Federal regulators moved Tuesday morning to approve a final draft of a long-awaited provision of the Dodd-Frank financial reform law that would limit banks from making speculative bets for their own profit and from running hedge funds.

Dubbed the "Volcker Rule" after former Federal Reserve chairman and prominent financial reform advocate Paul Volcker, the measure has been at the rule-writing stage for three years, after being included in the 2010 Dodd-Frank law. Tuesday's vote marks a major step in what has been a long and drawn-out struggle between the rule's proponents and bank lobbyists who have tried to shape the final result.

The version of the rules released Tuesday include some measures that bank critics had pushed for since the original proposal was released in October 2011.

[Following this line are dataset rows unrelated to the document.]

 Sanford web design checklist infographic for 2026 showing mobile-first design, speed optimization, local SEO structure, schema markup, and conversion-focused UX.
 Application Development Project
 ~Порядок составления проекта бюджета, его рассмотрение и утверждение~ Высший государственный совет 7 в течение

The rules bar banks from engaging in speculative trading for their own books, a practice called "proprietary trading." It also defines exemptions from the ban to allow banks to fulfill traditional banking services. Among the allowed activities is market-making — holding positions on both sides of a trade to facilitate customers' trading in that asset. They also include hedging, that is, buying or selling a security or derivative to mitigate risk.

The rules approved Tuesday by the Federal Reserve and Federal Deposit Insurance Corporation tighten those exemptions by requiring banks to demonstrate that any market-making activities be designed to meet, not exceed consumer demand. They also would have to document a specific rationale for any hedging trade. These measures are intended to ensure that banks are not indirectly engaging in trades for profit, as opposed to for client services.

The rules also would aim to prevent traders from being paid based on profits they generate, in an effort to eliminate incentives for bank employees to make risky bets on the bank's behalf.

Dennis Kelleher, the president of the financial reform group Better Markets, called the final rules "a major defeat for Wall Street and a direct attack on the high-risk ‘quick-buck’ culture of Wall Street."

Critics argue that the kinds of proprietary trading curbed by the Volcker Rule were not the root cause of the financial crisis. Douglas Holtz-Eakin of the conservative American Action Forum wrote in an email Tuesday morning that "at best, the rule will be complex, micromanaging and expensive."

The rule-writing process took a turn toward more aggressive oversight partly because of JPMorgan's 2012 "London Whale" trading scandal in which the bank's London risk management office lost more than $6 billion in trades of the kind the Volcker Rule is intended to prohibit. Regulators, including Treasury Secretary Jacob Lew and Fed governor Daniel Tarullo, have said that the new rule would prevent further events like the London Whale.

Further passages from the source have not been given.